» SOURCE DATA
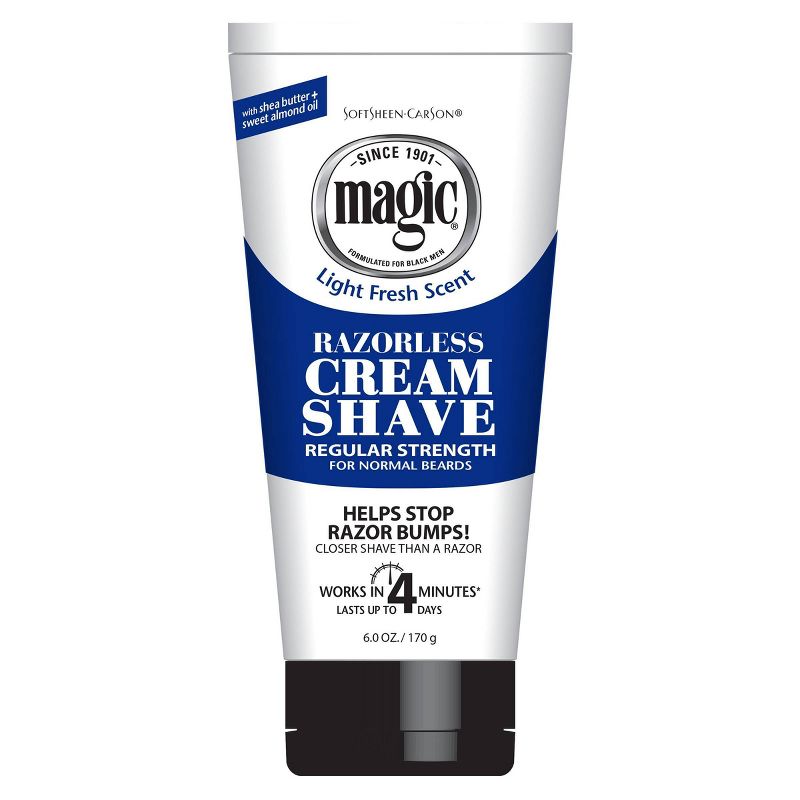 Magic Razorless Shaving Cream for Hair Removal, Normal Beard Maintenance, Depilitory Cream - 6oz, 1 of 7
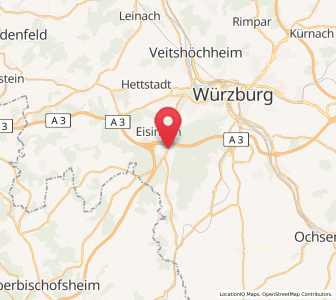 Map of Kist, Bavaria
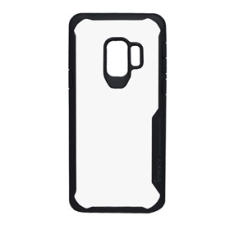 IPAKY műanyag telefonvédő (szilikon keret, közepesen ütésálló, átlátszó hátlap) FEKETE | GP-74840 tok és táska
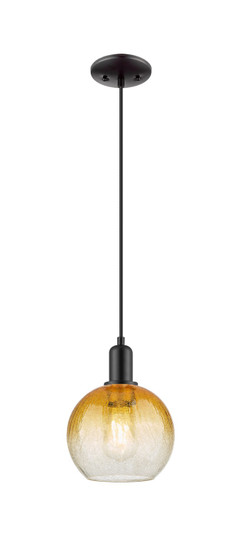 Arcadia One Light Mini Pendant in Matte Black (405|7161PBKG4838AM)
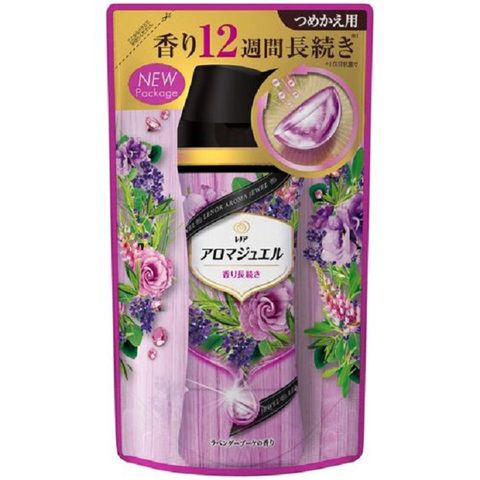 日本【P&amp;G】2021最新迷你版 幸福寶石衣物補充包 香香豆415ml 薰衣草香
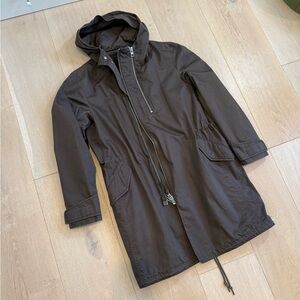 All Saints Brown Parka Coat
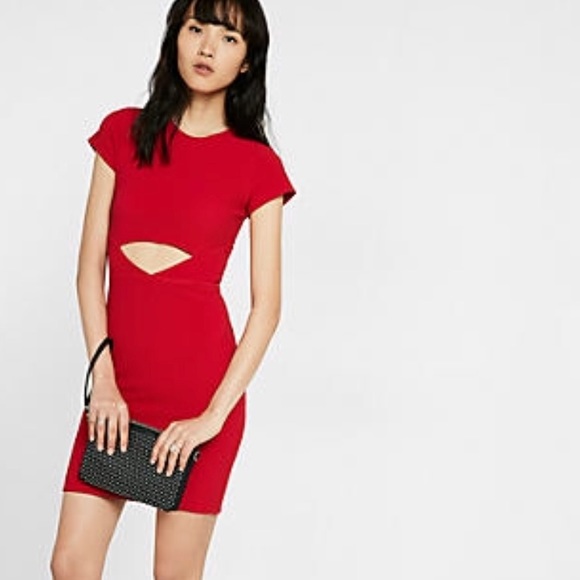 Express Dresses & Skirts - BRAND NEW: Ribbed cut out Express Dress sizeMED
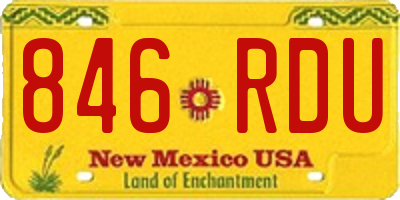 NM license plate 846RDU
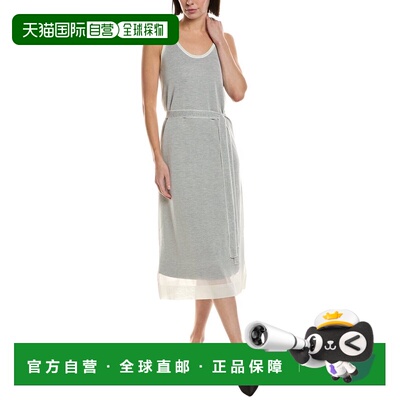 自营Proenza Schouler White Label Simmons Sheer Knit Midi Dre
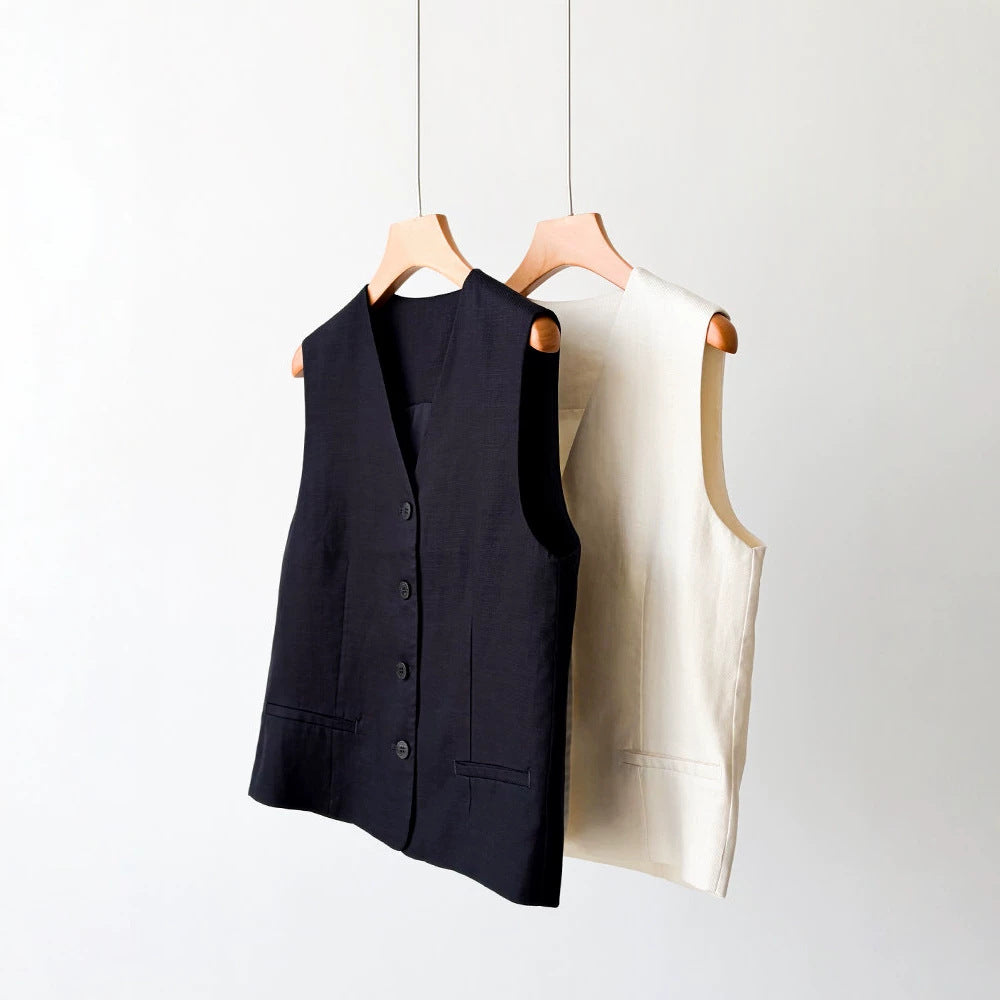 Women's Trendy Linen Vest Chichicherry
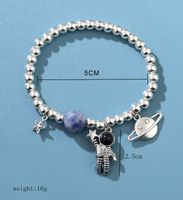 1 Piece Fashion Astronaut Alloy Chain Alloy Unisex Bracelets sku image 2
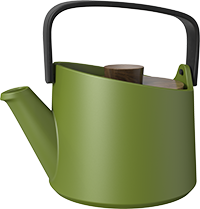 Listening tea pot TPA800-01A Green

» TASK INSTRUCTIONS
Restate the material word for word; no picture should appear in the copy.

» THE COMPLETED TASK
 Magic Razorless Shaving Cream for Hair Removal, Normal Beard Maintenance, Depilitory Cream - 6oz, 1 of 7
 Map of Kist, Bavaria
 IPAKY műanyag telefonvédő (szilikon keret, közepesen ütésálló, átlátszó hátlap) FEKETE | GP-74840 tok és táska
 Arcadia One Light Mini Pendant in Matte Black (405|7161PBKG4838AM)
 日本【P&amp;G】2021最新迷你版 幸福寶石衣物補充包 香香豆415ml 薰衣草香
 All Saints Brown Parka Coat
 Express Dresses & Skirts - BRAND NEW: Ribbed cut out Express Dress sizeMED
 NM license plate 846RDU
 自营Proenza Schouler White Label Simmons Sheer Knit Midi Dre
 Women's Trendy Linen Vest Chichicherry
 1 Piece Fashion Astronaut Alloy Chain Alloy Unisex Bracelets sku image 2
 Listening tea pot TPA800-01A Green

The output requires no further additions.